Charbel Hechema, Lundi, 01 avril 2019

A peine quarante ans, Doreen Assaad, d’origine égyptienne, est mairesse d’une ville au Québec à la tête d’une équipe hétéroclite. Un parcours exceptionnel pour cette femme, à la fois proche de ses concitoyens outre-Atlantique et de ses racines ici en Egypte.

Doreen Assaad

C’est samedi, le début du week-end. Pourtant, Doreen Assaad n’a pas de congé. En tant que mairesse de Brossard, ville au sud de Montréal, au Canada, elle visite l’un des organismes de cette ville. La quarantaine, d’origine égyptienne, elle doit faire chaque jour ses preuves sur le terrain.

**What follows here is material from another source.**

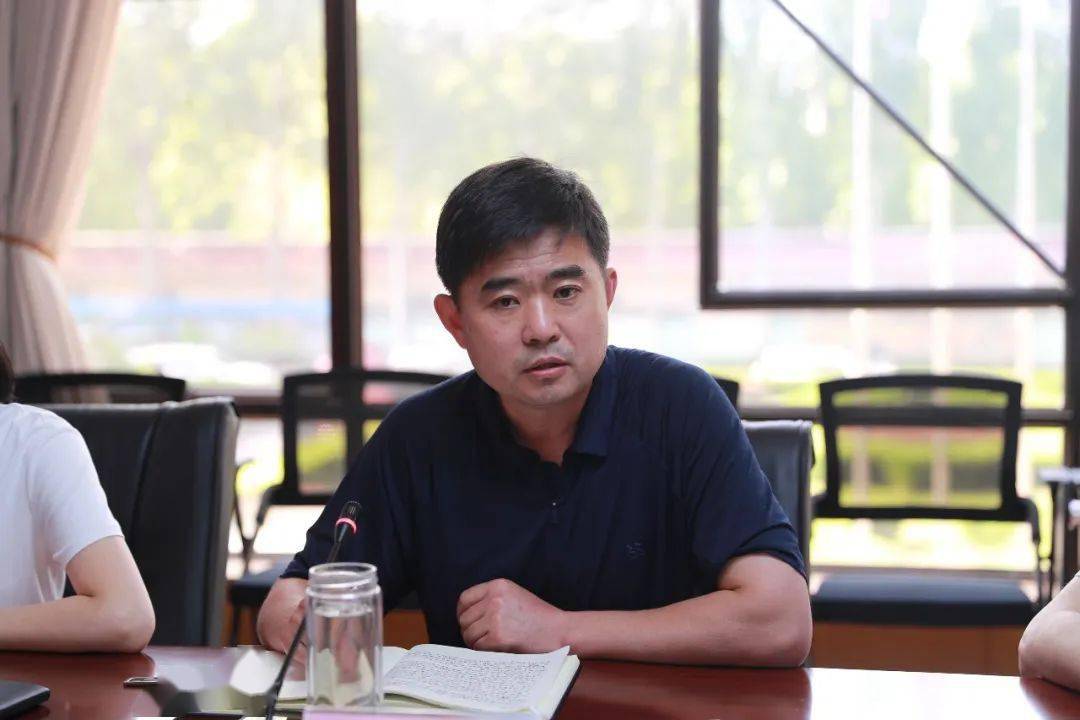 温泉镇召开新冠肺炎疫情防控工作专题会,会议由镇党委副书记,镇长余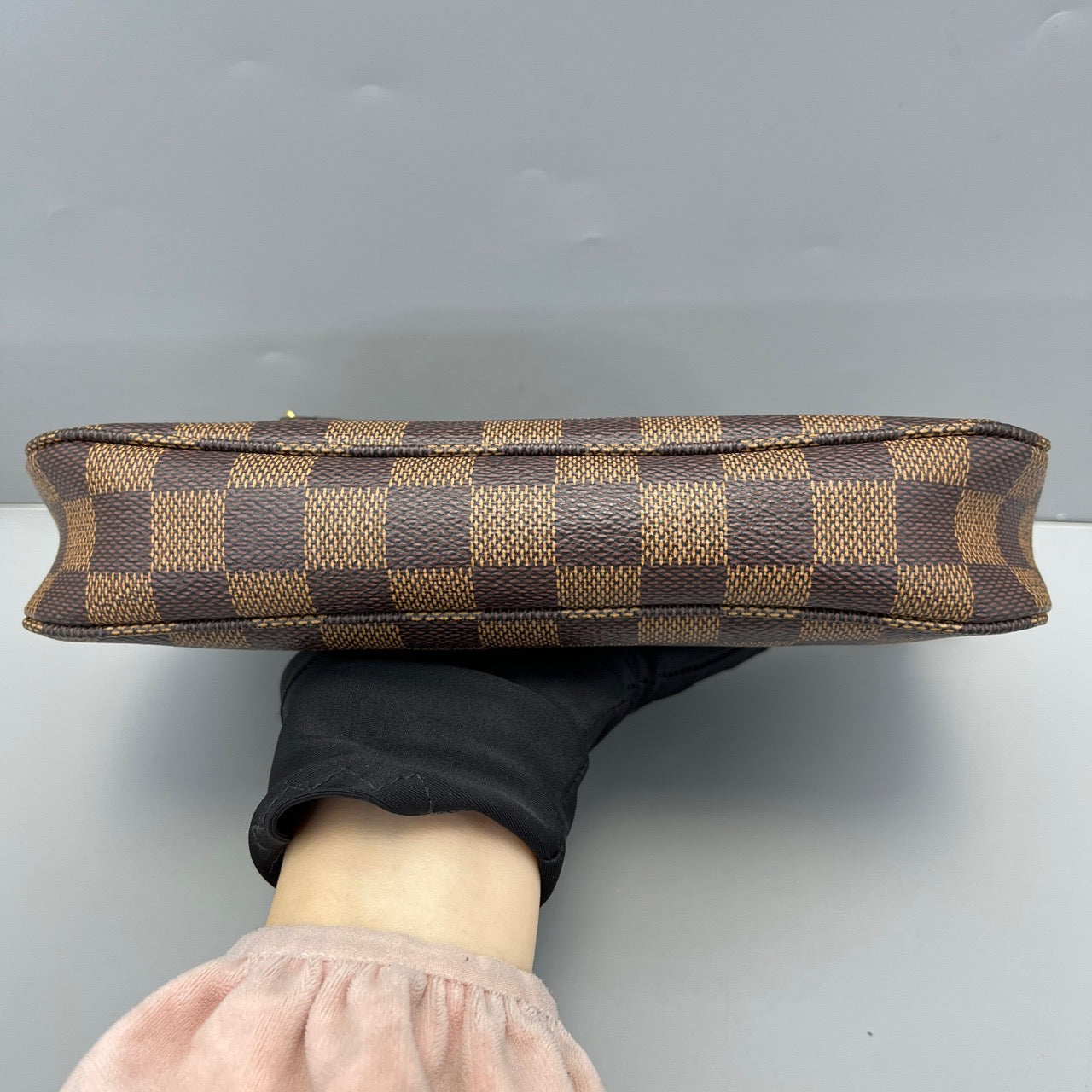 LOUIS VUITTON<br>hobo bag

Doreen fait partie de la deuxième génération d’Egyptiens vivant au Québec. Elle est née en Amérique du Nord française, de parents qui y ont émigré dans les années 1970. Avenante, souriante, Doreen s’exprime en français avec un accent québécois léger, mais n’a rien oublié de son arabe qu’elle parle toujours couramment.

La famille de sa mère vient d’Alexandrie, alors que celle de son père est d’origine cairote. Ils sont arrivés au Canada pour avoir une meilleure qualité de vie et pour finir leur cursus universitaire. Ils avaient débarqué à Ottawa, la capitale du Canada, avant de décider de s’installer au Québec un an plus tard, spécifiquement sur la rive-sud de Montréal: Longueuil.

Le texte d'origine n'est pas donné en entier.